「方言の形成過程解明のための全国方言調査」公開研究発表会 言語地理学フォーラム

プロジェクト名,リーダー名
方言の形成過程解明のための全国方言調査 (略称 : 方言分布)
大西 拓一郎 (国立国語研究所 時空間変異研究系 教授)
共催
科研費 基盤研究A
「方言分布変化の詳細解明 ―変動実態の把握と理論の検証・構築―」
研究代表者 : 大西 拓一郎
開催期日
平成27年6月7日 (日) 10:00~17:00
開催場所
国立国語研究所 2階 多目的室 (東京都立川市緑町10-2)
交通案内

発表概要

アスペクトの全国分布地図を読む ―GAJとFPJDの比較と周辺形式の地域差の把握―津田 智史 (国立国語研究所 / 日本学術振興会)

本発表では,GAJとFPJDのアスペクト項目の地図を比較することにより,その分布の変化を把握する。

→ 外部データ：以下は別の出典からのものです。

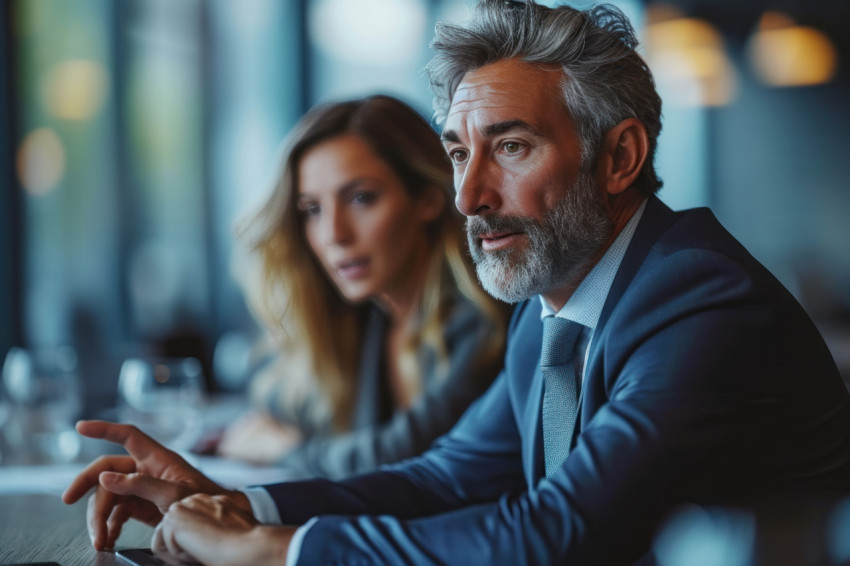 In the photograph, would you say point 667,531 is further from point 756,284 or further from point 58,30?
point 58,30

また,各地にみられる周辺形式にも焦点をあて,それらの分布や意味の地域差を確認していく。

「散っている (進行・継続態,結果態) 」の地図をみると,分布に大きな変化はみられない。いわゆるテイル相当形式は,それに含まれる存在動詞の影響もあってか,それ自体の分布の変化は確認できない。一方で変化がみられるのは,北海道に共通語化の傾向が窺える点,結果態において全国的に-テシマッタの回答が増加している点などである。

また,各地の周辺形式においてはこれまで十分に扱われてこなかったが,興味深いものもある。進行・継続態の全国分布で確認できる南九州の-カタ (GAJ198) や琉球の-テアルク (GAJ198・FPJD G-058) は,それらの地図には報告がないが東北において反復性を含意する形式として使用されるという。地図には表れないこのような周辺形式の地域差を把握することは,今後の方言アスペクト研究に一役買うものであると考えられる。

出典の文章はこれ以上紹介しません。